As Alan Turing (portrayed by Benedict Cumberbatch) races against the clock to build a machine to crack the Nazi Enigma code in the recent movie The Imitation Game, only Joan Clarke (Keira Knightley) understands the underlying quest of this tortured genius.
“You’re trying to build your Universal Machine,” she says [about 44 minutes into the movie], alluding to Turing’s 1936 paper on Computable Numbers. “You theorized a machine that could solve any problem. It didn’t just do one thing; it did everything. It wasn’t just programmable. It was reprogrammable,” to which Turing grunts an assent.
But the Turing character really shouldn’t agree, for two reasons:
First, contrary to what the Joan Clarke character says — or rather, contrary to the screenplay by Graham Moore — the machine portrayed in the movie being built at Bletchley Park (which was called a "bombe" but which the movie ludicrously names "Christopher") does not qualify as a Universal Machine. It a special-purpose machine rather than a general-purpose computer.
Secondly, although the hypothetical Universal Machine that Turing constructed in his 1936 paper is recognized today as an abstract model of digital computing, it cannot solve every mathematical problem. Some problems are forever out of its reach, and they remain impossible even on today’s sophisticated and powerful computers.
We might excuse a Hollywood biopic such as The Imitation Game for lapses of mathematical accuracy (although the inaccuracies of the movie go far beyond the mathematical), but the same problem pops up in the 2011 British television documentary released in the U.S. as Codebreaker. Here we are told [about 17-18 minutes into the movie] that “Turing’s Universal Machine was purely hypothetical but it laid out the fundamental principle underpinning all computers—that any conceivable mathematical calculation can be done by a single device shuffling 1’s and 0’s back and forth…. And part of Alan Turing’s genius was to realize that a machine like this can compute absolutely anything, because anything can be written as 1’s and 0’s.” Not true! Computers cannot compute everything. They have built-in restrictions that are intrinsic to the mathematics of digital computation.
Everyone agrees that Alan Turing is a seminal figure in the computer revolution, so it's puzzling why these movies deliberately misrepresent his work. We should at least make an attempt to get it right, and particularly get a handle on Turing's most significant contribution to computer science, the 1936 paper “On Computable Numbers, with an Application to the Entscheidungsproblem.”
The Entscheidungsproblem or “decision problem” was posed by German mathematician David Hilbert in the 1920’s. Hilbert was working with a form of mathematical logic, and he asked: Is there a general procedure that can tell us whether any arbitrary statement is this logic is true or false?
Today we call such a general procedure an “algorithm,” a methodical mathematical recipe formulated to be independent of the person who carries it out. The mechanical nature of such processes perhaps suggested to Turing a unique approach for answering Hilbert’s question: Turing imagined the actions of a person carrying out an algorithm as a machine that performs simple rudimentary steps of writing and erasing symbols on paper based on a history of previous steps. Each algorithm is implemented in what Turing called an “automatic machine” but which today we call a Turing Machine.

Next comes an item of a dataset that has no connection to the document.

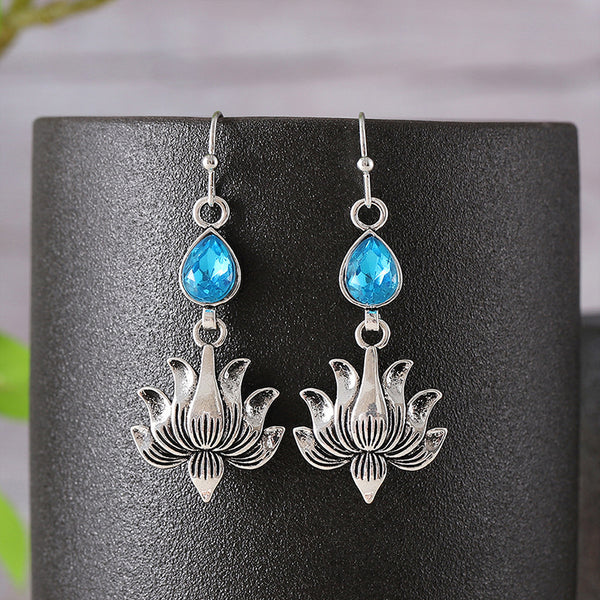 Vintage Lotus Earrings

By formalizing algorithms as sequences of simple uniform steps, Turing could assign each algorithm a unique number that describes these steps. Turing then created a special Turing Machine called the Universal Machine. If you input the number for any Turing Machine into the Universal Machine, it will carry out that algorithm.
At the time of Turing's paper, no working digital computer had yet been built. Yet the concepts are all there: A Turing Machine is analogous to the bits and bytes of a computer application, and the Universal Machine is the computer that reads and runs these apps. Only in retrospect after actual digital computers had been built was it evident that Turing had already established a deep understanding of the mathematical foundations of computing. Turing’s work implies that all digital computers and programming languages are fundamentally equivalent in their algorithmic capabilities.
Yet, the real intent of Turing’s paper on Computable Number was to demonstrate that these machines — and hence human beings carrying out algorithms — were inherently limited in what they could do. There is no general procedure for the Entscheidungsproblem, and the problem goes deeper.
In particular, one important category of Turing Machine is impossible: You cannot define a Turing Machine that can determine if other Turing Machines are working correctly.
Translated to modern terms, this has unnerving implications: Computer programs often contain flaws or errors called bugs, and the work of debugging software is a vital part of a programmer’s job. But this is a task that cannot be automated. You cannot write a generalized computer program that will find all the bugs in other computer programs. (If there were such a thing, the world wouldn’t have held its breath as the year ticked from 1999 to 2000.) The problem is that you must use this program on itself, and because you don’t know if this debugging program is itself entirely free of bugs, you can’t entirely trust it.
Or, to rephrase the problem in the form of an age-old question: Who will debug the debugger?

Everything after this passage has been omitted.